JENLOGA vs ADQUEY Comparison

Head-to-head clinical analysis & difference comparison: details on mechanism of action, dosing, half-life, interactions, and maternal-fetal safety.

Clinical EssentialsPharmacokineticsSpecial PopulationsSafety & MonitoringPregnancy & LactationClinical Insights
Differential Analysis

JENLOGA vs ADQUEY

Clinician-reviewed, head-to-head comparison of mechanism, dosing, pharmacokinetics, and safety profiles.
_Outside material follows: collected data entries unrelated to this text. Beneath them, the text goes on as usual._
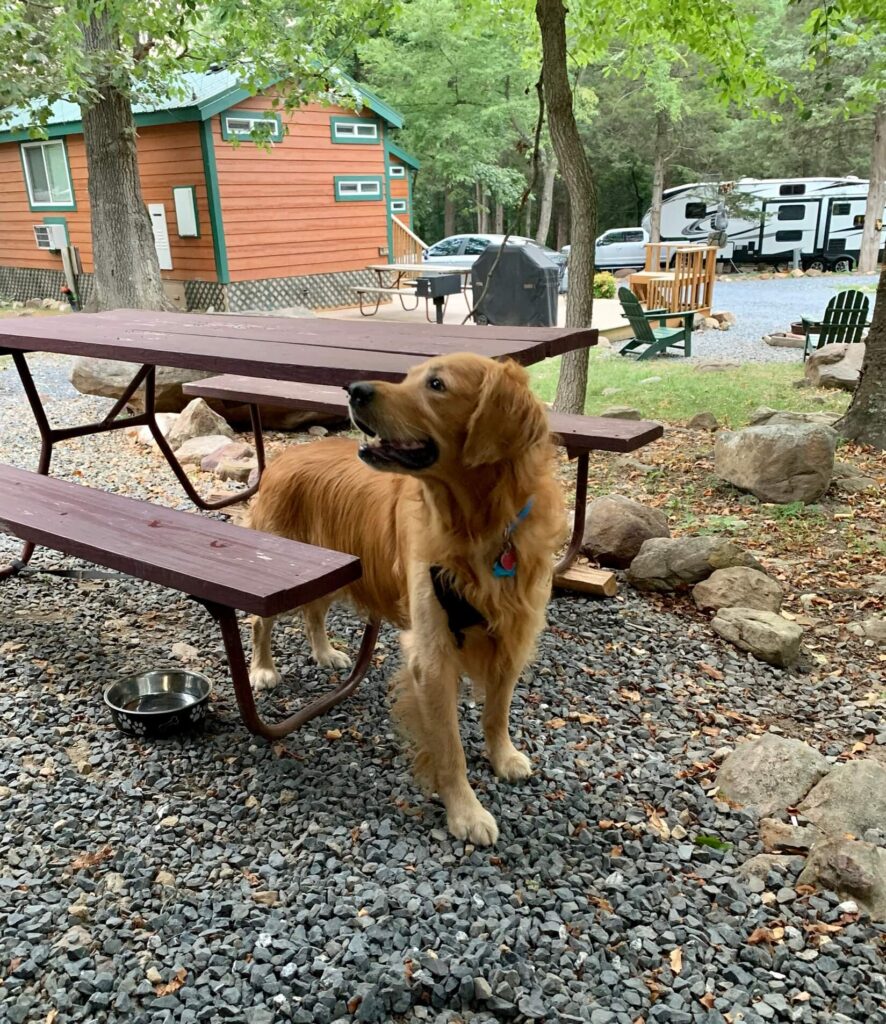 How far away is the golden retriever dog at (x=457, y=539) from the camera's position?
2238 mm

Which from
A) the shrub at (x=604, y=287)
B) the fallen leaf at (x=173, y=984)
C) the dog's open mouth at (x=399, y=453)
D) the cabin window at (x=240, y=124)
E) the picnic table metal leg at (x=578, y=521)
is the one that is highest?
the cabin window at (x=240, y=124)

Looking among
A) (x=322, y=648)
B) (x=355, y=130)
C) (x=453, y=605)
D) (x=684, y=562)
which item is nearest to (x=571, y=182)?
(x=684, y=562)

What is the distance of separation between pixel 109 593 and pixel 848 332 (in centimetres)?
1104

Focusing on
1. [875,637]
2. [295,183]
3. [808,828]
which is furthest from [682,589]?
[295,183]

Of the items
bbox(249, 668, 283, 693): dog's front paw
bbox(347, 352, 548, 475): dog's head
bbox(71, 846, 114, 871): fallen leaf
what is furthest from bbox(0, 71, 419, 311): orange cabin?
bbox(71, 846, 114, 871): fallen leaf

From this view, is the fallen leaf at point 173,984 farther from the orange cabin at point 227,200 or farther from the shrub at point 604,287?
the shrub at point 604,287

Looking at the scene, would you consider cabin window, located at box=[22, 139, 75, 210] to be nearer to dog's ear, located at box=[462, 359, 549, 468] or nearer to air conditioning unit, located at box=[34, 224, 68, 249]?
air conditioning unit, located at box=[34, 224, 68, 249]

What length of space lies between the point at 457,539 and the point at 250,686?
97cm

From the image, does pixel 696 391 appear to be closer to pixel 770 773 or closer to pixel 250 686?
pixel 770 773

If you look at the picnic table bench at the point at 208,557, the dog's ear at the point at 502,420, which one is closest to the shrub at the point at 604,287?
the picnic table bench at the point at 208,557

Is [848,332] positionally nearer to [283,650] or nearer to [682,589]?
[682,589]

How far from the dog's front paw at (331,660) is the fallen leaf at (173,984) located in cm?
160

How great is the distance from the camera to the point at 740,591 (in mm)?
3816

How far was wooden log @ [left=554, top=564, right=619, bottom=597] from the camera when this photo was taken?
157 inches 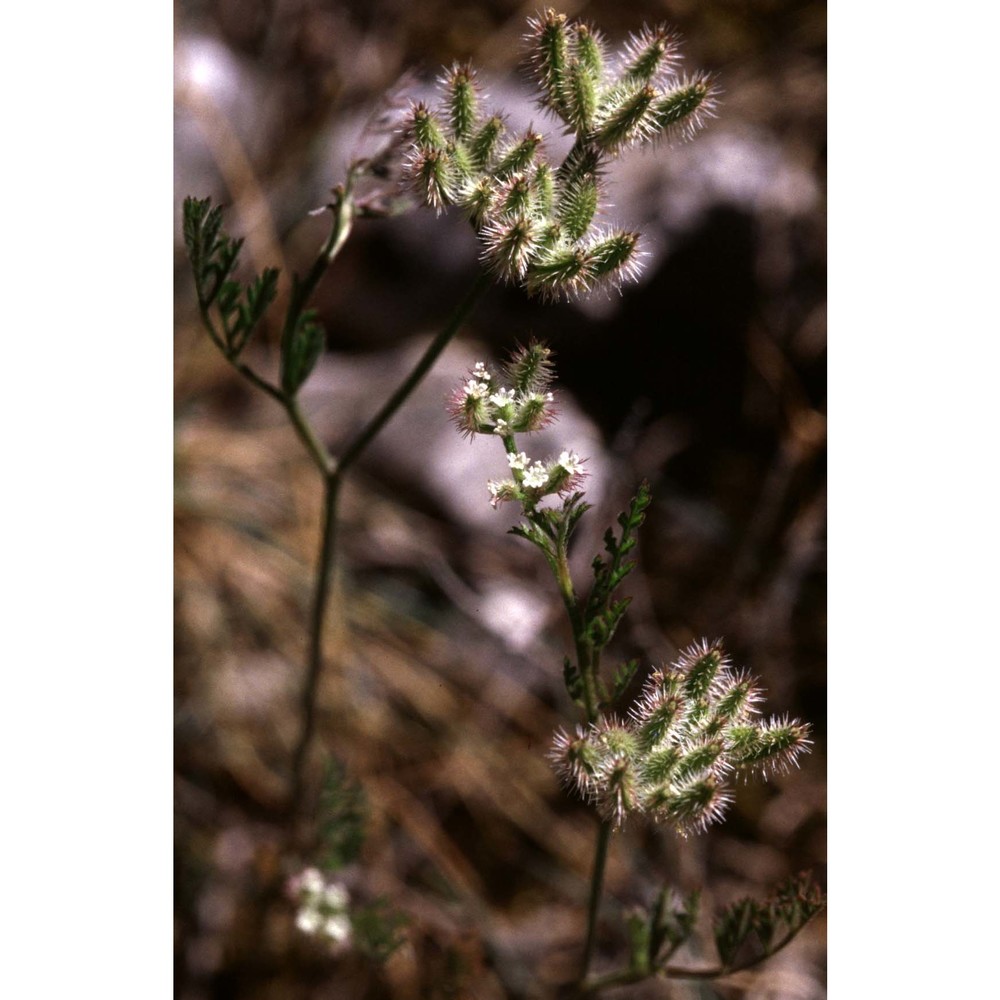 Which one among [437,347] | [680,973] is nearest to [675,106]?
[437,347]

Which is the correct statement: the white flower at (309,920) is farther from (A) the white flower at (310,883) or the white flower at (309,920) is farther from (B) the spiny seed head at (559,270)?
(B) the spiny seed head at (559,270)

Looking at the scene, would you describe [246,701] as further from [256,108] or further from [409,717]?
[256,108]

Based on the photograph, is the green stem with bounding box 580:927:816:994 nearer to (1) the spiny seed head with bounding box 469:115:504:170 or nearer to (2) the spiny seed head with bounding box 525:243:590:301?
(2) the spiny seed head with bounding box 525:243:590:301

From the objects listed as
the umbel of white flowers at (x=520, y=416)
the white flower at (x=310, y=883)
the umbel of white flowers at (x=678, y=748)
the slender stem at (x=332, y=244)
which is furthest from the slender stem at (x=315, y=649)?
the umbel of white flowers at (x=678, y=748)

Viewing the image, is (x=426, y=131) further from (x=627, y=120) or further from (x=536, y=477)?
(x=536, y=477)

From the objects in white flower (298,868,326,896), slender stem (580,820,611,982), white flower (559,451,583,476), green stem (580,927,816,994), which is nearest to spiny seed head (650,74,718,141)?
white flower (559,451,583,476) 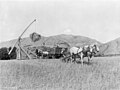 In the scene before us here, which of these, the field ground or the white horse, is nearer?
the field ground

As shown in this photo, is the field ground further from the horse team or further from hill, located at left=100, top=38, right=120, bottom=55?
hill, located at left=100, top=38, right=120, bottom=55

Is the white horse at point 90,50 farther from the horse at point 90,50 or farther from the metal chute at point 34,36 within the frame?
the metal chute at point 34,36

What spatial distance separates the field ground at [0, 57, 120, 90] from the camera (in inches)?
692

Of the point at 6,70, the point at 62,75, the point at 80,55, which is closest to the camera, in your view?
the point at 62,75

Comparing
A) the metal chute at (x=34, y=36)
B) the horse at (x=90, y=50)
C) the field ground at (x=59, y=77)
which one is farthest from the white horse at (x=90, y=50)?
the metal chute at (x=34, y=36)

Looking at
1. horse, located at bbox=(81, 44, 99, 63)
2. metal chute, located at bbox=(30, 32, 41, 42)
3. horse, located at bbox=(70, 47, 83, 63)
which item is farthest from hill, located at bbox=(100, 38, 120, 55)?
horse, located at bbox=(81, 44, 99, 63)

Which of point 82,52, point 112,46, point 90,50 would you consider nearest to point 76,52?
point 82,52

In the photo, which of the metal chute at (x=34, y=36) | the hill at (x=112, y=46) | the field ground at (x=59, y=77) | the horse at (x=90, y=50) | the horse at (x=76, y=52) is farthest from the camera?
the hill at (x=112, y=46)

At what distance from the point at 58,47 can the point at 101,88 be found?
62.7 feet

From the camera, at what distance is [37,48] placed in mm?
35344

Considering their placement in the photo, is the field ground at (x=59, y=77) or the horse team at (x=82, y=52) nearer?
the field ground at (x=59, y=77)

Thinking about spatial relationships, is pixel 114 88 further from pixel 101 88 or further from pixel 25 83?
pixel 25 83

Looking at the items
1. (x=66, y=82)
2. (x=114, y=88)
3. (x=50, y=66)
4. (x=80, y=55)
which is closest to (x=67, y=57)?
(x=80, y=55)

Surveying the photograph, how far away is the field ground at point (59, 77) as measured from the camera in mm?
17578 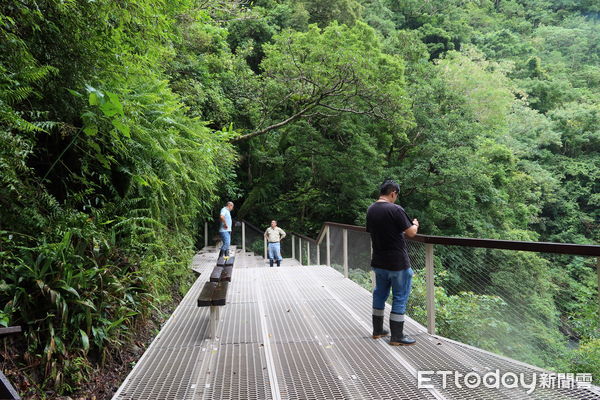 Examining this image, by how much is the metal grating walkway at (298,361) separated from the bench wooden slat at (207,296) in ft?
1.47

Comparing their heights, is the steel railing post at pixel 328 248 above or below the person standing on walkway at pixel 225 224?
below

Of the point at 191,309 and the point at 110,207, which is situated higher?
the point at 110,207

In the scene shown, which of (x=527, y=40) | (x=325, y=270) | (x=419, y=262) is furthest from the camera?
(x=527, y=40)

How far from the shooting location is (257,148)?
18406mm

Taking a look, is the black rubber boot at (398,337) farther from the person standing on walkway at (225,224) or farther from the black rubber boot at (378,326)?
the person standing on walkway at (225,224)

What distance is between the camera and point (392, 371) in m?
3.09

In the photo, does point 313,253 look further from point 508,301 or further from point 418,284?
point 508,301

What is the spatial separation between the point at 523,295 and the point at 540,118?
2749 centimetres

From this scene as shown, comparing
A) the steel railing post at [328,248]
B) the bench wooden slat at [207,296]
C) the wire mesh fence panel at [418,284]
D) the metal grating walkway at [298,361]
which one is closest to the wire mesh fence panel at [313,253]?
the steel railing post at [328,248]

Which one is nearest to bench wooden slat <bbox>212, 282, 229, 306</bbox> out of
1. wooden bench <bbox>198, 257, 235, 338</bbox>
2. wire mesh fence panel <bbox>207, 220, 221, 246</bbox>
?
wooden bench <bbox>198, 257, 235, 338</bbox>

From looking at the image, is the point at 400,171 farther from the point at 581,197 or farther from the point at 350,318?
the point at 581,197

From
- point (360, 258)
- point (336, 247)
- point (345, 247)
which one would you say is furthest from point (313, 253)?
point (360, 258)

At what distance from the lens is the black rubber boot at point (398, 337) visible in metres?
3.66

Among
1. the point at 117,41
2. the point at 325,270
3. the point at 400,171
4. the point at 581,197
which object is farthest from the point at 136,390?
the point at 581,197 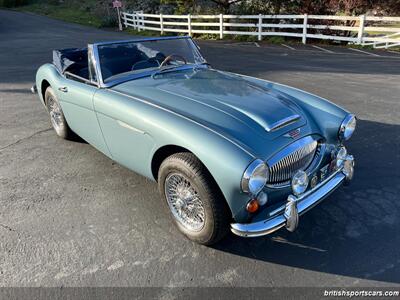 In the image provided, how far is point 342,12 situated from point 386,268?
48.8 ft

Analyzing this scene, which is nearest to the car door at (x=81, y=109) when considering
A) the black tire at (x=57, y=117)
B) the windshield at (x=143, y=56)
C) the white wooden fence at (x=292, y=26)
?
the windshield at (x=143, y=56)

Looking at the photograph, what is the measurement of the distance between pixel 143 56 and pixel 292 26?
12394 mm

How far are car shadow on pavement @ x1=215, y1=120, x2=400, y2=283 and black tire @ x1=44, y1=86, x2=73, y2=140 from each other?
9.55ft

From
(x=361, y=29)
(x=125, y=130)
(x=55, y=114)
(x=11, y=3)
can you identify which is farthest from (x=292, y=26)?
(x=11, y=3)

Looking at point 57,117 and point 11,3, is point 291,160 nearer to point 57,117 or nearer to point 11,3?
point 57,117

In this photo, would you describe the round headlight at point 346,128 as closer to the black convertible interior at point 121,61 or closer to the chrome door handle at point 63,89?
the black convertible interior at point 121,61

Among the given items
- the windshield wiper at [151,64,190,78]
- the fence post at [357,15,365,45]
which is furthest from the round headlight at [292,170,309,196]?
the fence post at [357,15,365,45]

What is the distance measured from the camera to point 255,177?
2348 mm

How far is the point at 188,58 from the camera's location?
4277mm

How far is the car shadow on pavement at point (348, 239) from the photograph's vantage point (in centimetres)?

View JENLOGA Monograph View ADQUEY Monograph
JENLOGA
Oral Contraceptive
Category C
ADQUEY
Oral Contraceptive
Category C
TL;DR — Key Differences
  • Half-life: JENLOGA has a half-life of Terminal half-life 6-8 hours in healthy adults; prolonged to 12-15 hours in moderate renal impairment (Cr Cl 30-50 m L/min); ADQUEY has Terminal half-life 12-15 hours; prolonged in renal impairment (up to 30 hours in Cr Cl <30 m L/min).
  • No direct drug-drug interaction has been documented between JENLOGA and ADQUEY.
  • Pregnancy: JENLOGA is rated Category C; ADQUEY is rated Category C.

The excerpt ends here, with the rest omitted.